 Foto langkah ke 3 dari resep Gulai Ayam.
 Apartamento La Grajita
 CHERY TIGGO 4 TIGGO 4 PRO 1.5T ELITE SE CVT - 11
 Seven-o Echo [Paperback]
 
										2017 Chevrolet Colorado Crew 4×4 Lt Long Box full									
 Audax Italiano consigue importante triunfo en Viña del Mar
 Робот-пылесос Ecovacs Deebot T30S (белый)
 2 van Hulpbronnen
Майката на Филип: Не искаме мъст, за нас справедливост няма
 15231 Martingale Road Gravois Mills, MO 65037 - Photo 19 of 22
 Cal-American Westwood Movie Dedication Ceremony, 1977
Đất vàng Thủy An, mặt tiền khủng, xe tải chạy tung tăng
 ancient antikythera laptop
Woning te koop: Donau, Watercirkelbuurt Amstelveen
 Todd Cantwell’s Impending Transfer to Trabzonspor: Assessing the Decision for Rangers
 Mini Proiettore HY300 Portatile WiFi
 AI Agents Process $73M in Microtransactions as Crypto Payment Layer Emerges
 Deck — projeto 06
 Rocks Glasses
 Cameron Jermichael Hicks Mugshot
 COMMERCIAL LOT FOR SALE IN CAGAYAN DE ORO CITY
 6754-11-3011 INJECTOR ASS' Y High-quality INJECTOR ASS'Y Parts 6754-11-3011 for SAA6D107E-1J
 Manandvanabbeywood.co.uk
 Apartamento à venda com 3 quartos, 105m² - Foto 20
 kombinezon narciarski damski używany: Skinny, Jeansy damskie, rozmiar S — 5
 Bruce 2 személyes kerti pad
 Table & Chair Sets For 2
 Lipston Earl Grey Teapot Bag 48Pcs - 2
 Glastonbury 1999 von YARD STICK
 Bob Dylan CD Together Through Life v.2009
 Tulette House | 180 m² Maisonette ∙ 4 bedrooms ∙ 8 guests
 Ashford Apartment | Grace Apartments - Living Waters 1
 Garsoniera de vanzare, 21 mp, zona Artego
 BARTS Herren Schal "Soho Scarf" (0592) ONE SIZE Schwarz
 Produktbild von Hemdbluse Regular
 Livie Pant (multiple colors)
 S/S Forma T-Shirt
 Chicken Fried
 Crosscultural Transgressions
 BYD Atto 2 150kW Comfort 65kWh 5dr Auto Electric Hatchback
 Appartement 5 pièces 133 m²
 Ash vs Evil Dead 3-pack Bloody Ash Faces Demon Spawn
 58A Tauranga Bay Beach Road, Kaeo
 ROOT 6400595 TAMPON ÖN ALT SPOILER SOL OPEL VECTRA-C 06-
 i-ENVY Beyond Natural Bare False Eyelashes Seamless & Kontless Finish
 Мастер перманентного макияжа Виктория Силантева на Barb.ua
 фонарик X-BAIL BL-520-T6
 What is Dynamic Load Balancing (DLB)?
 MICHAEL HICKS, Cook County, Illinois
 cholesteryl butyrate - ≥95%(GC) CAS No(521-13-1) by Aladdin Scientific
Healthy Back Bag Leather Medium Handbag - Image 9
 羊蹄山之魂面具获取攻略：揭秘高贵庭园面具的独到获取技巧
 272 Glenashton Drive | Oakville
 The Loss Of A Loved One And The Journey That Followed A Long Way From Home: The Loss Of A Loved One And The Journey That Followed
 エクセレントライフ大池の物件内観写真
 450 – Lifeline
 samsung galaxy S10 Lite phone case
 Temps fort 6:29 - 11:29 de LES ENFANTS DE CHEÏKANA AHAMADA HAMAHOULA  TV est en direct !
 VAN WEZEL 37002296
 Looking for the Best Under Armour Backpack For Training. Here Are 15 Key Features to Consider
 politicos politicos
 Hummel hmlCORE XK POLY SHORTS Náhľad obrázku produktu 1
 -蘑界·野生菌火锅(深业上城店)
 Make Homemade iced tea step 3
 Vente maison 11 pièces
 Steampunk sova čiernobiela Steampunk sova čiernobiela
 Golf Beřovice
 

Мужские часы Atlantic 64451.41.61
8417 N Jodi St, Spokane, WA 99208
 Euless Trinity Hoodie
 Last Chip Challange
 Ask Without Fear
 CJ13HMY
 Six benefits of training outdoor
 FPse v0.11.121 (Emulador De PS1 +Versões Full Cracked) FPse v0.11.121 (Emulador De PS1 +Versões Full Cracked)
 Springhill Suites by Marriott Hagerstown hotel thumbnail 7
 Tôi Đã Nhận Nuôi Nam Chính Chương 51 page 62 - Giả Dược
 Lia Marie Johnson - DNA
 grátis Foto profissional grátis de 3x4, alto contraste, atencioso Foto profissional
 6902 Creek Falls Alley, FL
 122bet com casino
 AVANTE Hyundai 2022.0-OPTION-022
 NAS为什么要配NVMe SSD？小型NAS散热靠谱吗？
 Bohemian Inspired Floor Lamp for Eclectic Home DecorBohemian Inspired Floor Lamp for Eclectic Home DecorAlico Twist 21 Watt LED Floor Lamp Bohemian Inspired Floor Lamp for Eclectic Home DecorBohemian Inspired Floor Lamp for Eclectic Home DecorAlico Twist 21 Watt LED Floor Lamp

:: WHAT IS BEING ASKED ::
The material above should be returned exactly, in full.

:: SOLUTION TO THIS PROBLEM ::
 Foto langkah ke 3 dari resep Gulai Ayam.
 Apartamento La Grajita
 CHERY TIGGO 4 TIGGO 4 PRO 1.5T ELITE SE CVT - 11
 Seven-o Echo [Paperback]
 
										2017 Chevrolet Colorado Crew 4×4 Lt Long Box full									
 Audax Italiano consigue importante triunfo en Viña del Mar
 Робот-пылесос Ecovacs Deebot T30S (белый)
 2 van Hulpbronnen
Майката на Филип: Не искаме мъст, за нас справедливост няма
 15231 Martingale Road Gravois Mills, MO 65037 - Photo 19 of 22
 Cal-American Westwood Movie Dedication Ceremony, 1977
Đất vàng Thủy An, mặt tiền khủng, xe tải chạy tung tăng
 ancient antikythera laptop
Woning te koop: Donau, Watercirkelbuurt Amstelveen
 Todd Cantwell’s Impending Transfer to Trabzonspor: Assessing the Decision for Rangers
 Mini Proiettore HY300 Portatile WiFi
 AI Agents Process $73M in Microtransactions as Crypto Payment Layer Emerges
 Deck — projeto 06
 Rocks Glasses
 Cameron Jermichael Hicks Mugshot
 COMMERCIAL LOT FOR SALE IN CAGAYAN DE ORO CITY
 6754-11-3011 INJECTOR ASS' Y High-quality INJECTOR ASS'Y Parts 6754-11-3011 for SAA6D107E-1J
 Manandvanabbeywood.co.uk
 Apartamento à venda com 3 quartos, 105m² - Foto 20
 kombinezon narciarski damski używany: Skinny, Jeansy damskie, rozmiar S — 5
 Bruce 2 személyes kerti pad
 Table & Chair Sets For 2
 Lipston Earl Grey Teapot Bag 48Pcs - 2
 Glastonbury 1999 von YARD STICK
 Bob Dylan CD Together Through Life v.2009
 Tulette House | 180 m² Maisonette ∙ 4 bedrooms ∙ 8 guests
 Ashford Apartment | Grace Apartments - Living Waters 1
 Garsoniera de vanzare, 21 mp, zona Artego
 BARTS Herren Schal "Soho Scarf" (0592) ONE SIZE Schwarz
 Produktbild von Hemdbluse Regular
 Livie Pant (multiple colors)
 S/S Forma T-Shirt
 Chicken Fried
 Crosscultural Transgressions
 BYD Atto 2 150kW Comfort 65kWh 5dr Auto Electric Hatchback
 Appartement 5 pièces 133 m²
 Ash vs Evil Dead 3-pack Bloody Ash Faces Demon Spawn
 58A Tauranga Bay Beach Road, Kaeo
 ROOT 6400595 TAMPON ÖN ALT SPOILER SOL OPEL VECTRA-C 06-
 i-ENVY Beyond Natural Bare False Eyelashes Seamless & Kontless Finish
 Мастер перманентного макияжа Виктория Силантева на Barb.ua
 фонарик X-BAIL BL-520-T6
 What is Dynamic Load Balancing (DLB)?
 MICHAEL HICKS, Cook County, Illinois
 cholesteryl butyrate - ≥95%(GC) CAS No(521-13-1) by Aladdin Scientific
Healthy Back Bag Leather Medium Handbag - Image 9
 羊蹄山之魂面具获取攻略：揭秘高贵庭园面具的独到获取技巧
 272 Glenashton Drive | Oakville
 The Loss Of A Loved One And The Journey That Followed A Long Way From Home: The Loss Of A Loved One And The Journey That Followed
 エクセレントライフ大池の物件内観写真
 450 – Lifeline
 samsung galaxy S10 Lite phone case
 Temps fort 6:29 - 11:29 de LES ENFANTS DE CHEÏKANA AHAMADA HAMAHOULA  TV est en direct !
 VAN WEZEL 37002296
 Looking for the Best Under Armour Backpack For Training. Here Are 15 Key Features to Consider
 politicos politicos
 Hummel hmlCORE XK POLY SHORTS Náhľad obrázku produktu 1
 -蘑界·野生菌火锅(深业上城店)
 Make Homemade iced tea step 3
 Vente maison 11 pièces
 Steampunk sova čiernobiela Steampunk sova čiernobiela
 Golf Beřovice
 

Мужские часы Atlantic 64451.41.61
8417 N Jodi St, Spokane, WA 99208
 Euless Trinity Hoodie
 Last Chip Challange
 Ask Without Fear
 CJ13HMY
 Six benefits of training outdoor
 FPse v0.11.121 (Emulador De PS1 +Versões Full Cracked) FPse v0.11.121 (Emulador De PS1 +Versões Full Cracked)
 Springhill Suites by Marriott Hagerstown hotel thumbnail 7
 Tôi Đã Nhận Nuôi Nam Chính Chương 51 page 62 - Giả Dược
 Lia Marie Johnson - DNA
 grátis Foto profissional grátis de 3x4, alto contraste, atencioso Foto profissional
 6902 Creek Falls Alley, FL
 122bet com casino
 AVANTE Hyundai 2022.0-OPTION-022
 NAS为什么要配NVMe SSD？小型NAS散热靠谱吗？
 Bohemian Inspired Floor Lamp for Eclectic Home DecorBohemian Inspired Floor Lamp for Eclectic Home DecorAlico Twist 21 Watt LED Floor Lamp Bohemian Inspired Floor Lamp for Eclectic Home DecorBohemian Inspired Floor Lamp for Eclectic Home DecorAlico Twist 21 Watt LED Floor Lamp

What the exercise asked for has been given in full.